A US federal court in New York City ruled that the Commodity Futures Trading Commission did not meet its burden of proof in its enforcement action against DRW Investments, LLC and Don Wilson, its chief executive officer. The CFTC had charged the defendants with manipulation and attempted manipulation of the IDEX USD Three-Month Interest Rate Swap Futures Contract from January 24 through August 12, 2011.
The court held that the defendants’ trading activities were legitimate and were consistent with their view that the futures contract’s design was flawed and that the futures instrument was inherently more valuable than a comparable over-the-counter contract. According to the court, “[i]t is not illegal to be smarter than your counterparties in a swap transaction, nor is it improper to understand a financial product better than the people who invented that product.”
The CFTC initially filed charges against the defendants in 2013.

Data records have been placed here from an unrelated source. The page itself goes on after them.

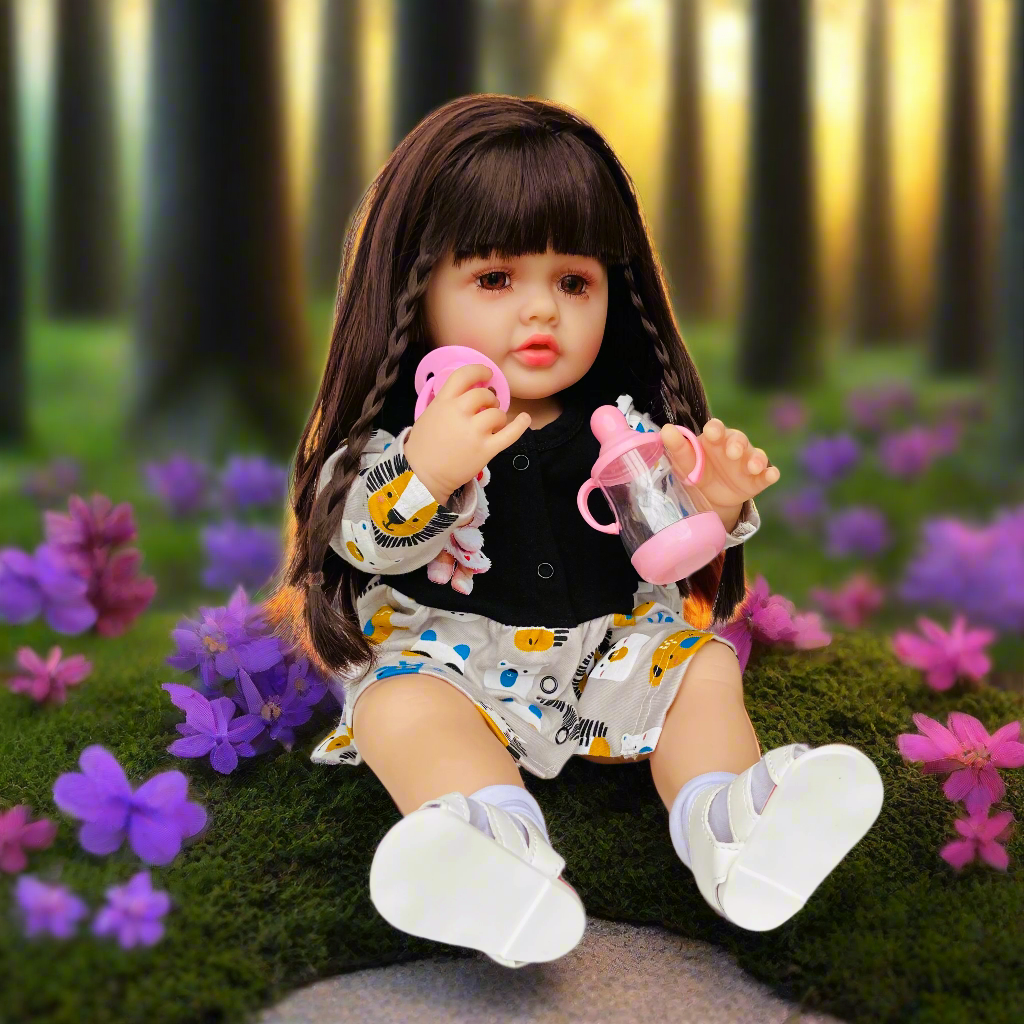 NestyFox 53cm Reborn Silicone Doll Gift Set with 8 Accessories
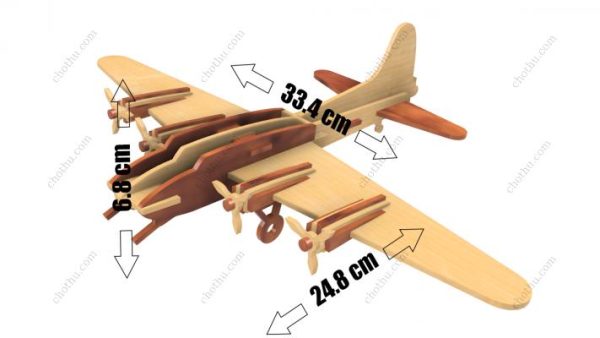 Máy bay B-29 Super Fortress Tệp kỹ thuật số Cắt laser Đồ chơi gỗ - Mô hình 3D - Hình ảnh 7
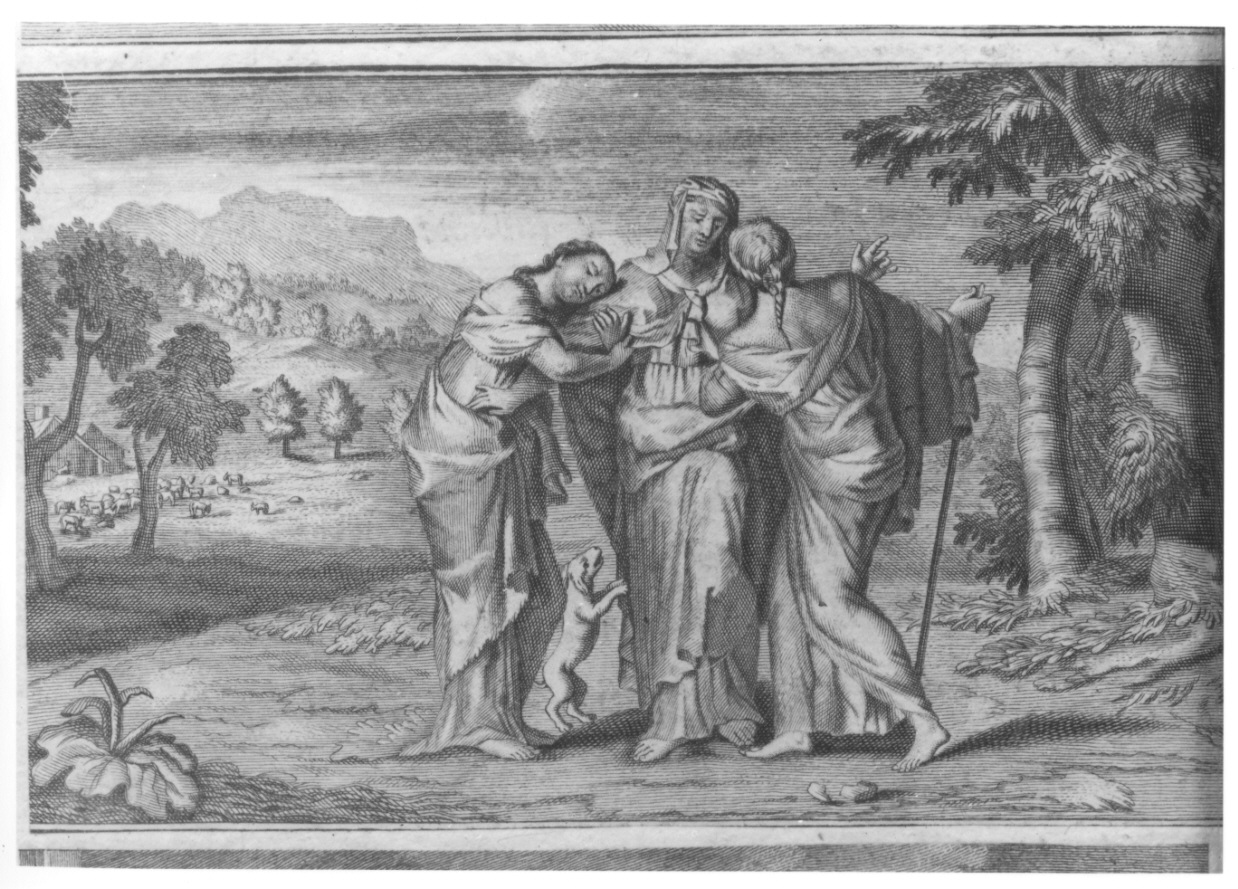 scena biblica (stampa tagliata, elemento d'insieme) - ambito piemontese (seconda metà sec. XVIII)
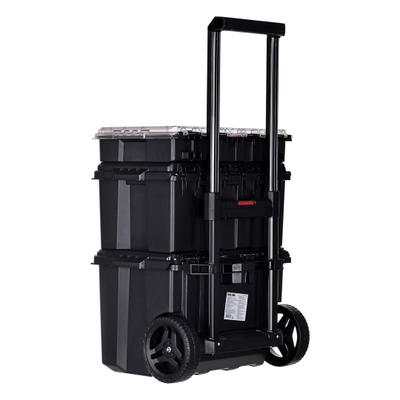 Sistem modular veglash Keter Stack N Roll 250927, me rrota, dorezë teleskopike, i zi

According to the Commission, DRW established a long position in the Three-Month Contract beginning in August 2010. Afterwards, alleged the CFTC, beginning in December 2010, the defendants placed bids “that DRW knew would never be accepted” to artificially influence the settlement prices in their favor during the 15-minute period that most influenced settlement prices on at least 118 trading days, in a “banging the close”–type scheme.
A four-day bench trial before the Hon. Richard Sullivan ensued in December 2016. Afterwards, attorneys for the Commission argued during their closing argument that it was the intent of defendants to produce a “price distortion” through placement of “illegitimate bids during the closing period day after day for seven straight months” that favored defendants’ existing positions by prompting favorable settlement prices. Among other things, said the Commission, defendants’ bids were illegitimate because they knew there was no market interest on the other side.
The court, in a decision by the Hon. Mr. Sullivan – now a judge on the Circuit Court of Appeals for the Second Circuit – rejected the CFTC’s arguments that the defendants’ conduct constituted manipulation or attempted manipulation.
The court said defendants determined that, at the time, a long position in the Three-Month Contract was more valuable than a corresponding long position in an OTC swap contract because the futures instrument did not appropriately account and adjust for long position holders receiving variation margin payments when interest rates were rising, while short position holders received variation margin payments when interest rates were declining. Long position holders of Three-Month Contracts thus received their variation margin payments at a better time to invest. This s0-called "convexity effect" did not typically exist in corresponding OTC swaps in 2011 as no variation margin passed between counterparties, observed the court. As a result, long positions holders of Three-Month Contracts had a more advantageous holding than holders of a corresponding OTC swap instrument.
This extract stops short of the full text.